2. Run the automated bootstrap

task bootstrap:kubernetes

This single command runs the following phases in sequence:

Phase Task What happens
1 etcd Bootstraps the etcd leader; retries until the first control-plane node accepts the bootstrap call
2 kubeconfig Fetches kubeconfig from Talos into $KUBECONFIG
3 apps Runs helmfile to install Cilium CNI and kubelet-csr-approver; waits for all nodes Ready
4 eso-bootstrap Creates the external-secrets namespace and injects bitwarden-access-token K8s Secret from $BWS_TOKEN
5 rook Wipes Rook data directories (/var/lib/rook) and raw disk partition tables on every node
6 argocd Creates an empty cluster-secrets placeholder Secret, applies the ArgoCD kustomize, applies the root bootstrap-application.yaml, and waits for argocd-server Available

3. Sync Rook Ceph storage (manual gate)

Rook Ceph operator and cluster have syncPolicy.enabled: false intentionally — auto-sync could claim disks on an unexpected re-sync. After the bootstrap task completes and ArgoCD has had a moment to discover and deploy the appsets, run:

task argocd:login      # log in with local admin (see below)
task bootstrap:rook-sync

rook-sync syncs the operator first, waits for its deployment to be Available, then syncs the cluster. The CephCluster resource will then reconcile and format the clean disks.

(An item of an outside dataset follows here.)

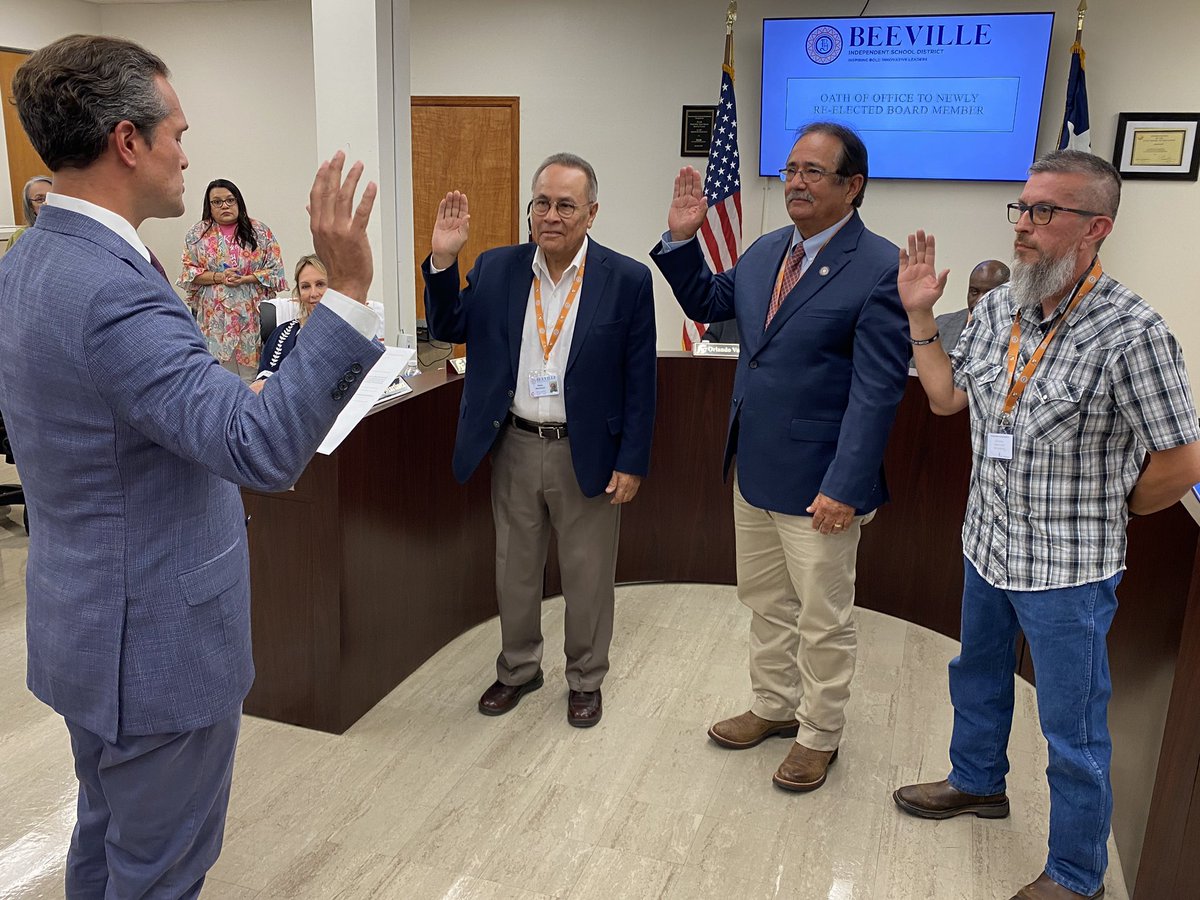 BeevilleISD's tweet photo. Welcome to our new Beeville ISD Board Members, sworn in tonight at the Board Meeting! Welcome back! Congratulations! Thank you for your service! 🧡🤍#BEEtheWHY https://t.co/KTBpoVjoXO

4. Log in to ArgoCD (local admin)

On first bootstrap OIDC is unavailable because Keycloak has not deployed yet. A local mmalyska account is configured with admin rights as a fallback:

task argocd:login
# Select local credentials when prompted (not SSO)

Once Keycloak is deployed and its realm/client are configured, re-run task argocd:login to switch to SSO login.

Chicken-and-egg problems and how they are resolved

Cilium before pods

Cilium is deployed as a DaemonSet before pod networking exists. Cilium pods start via kubelet directly, configure the CNI plugin on each node's filesystem, and only then does general pod networking become available. The apps phase waits for all nodes Ready before proceeding.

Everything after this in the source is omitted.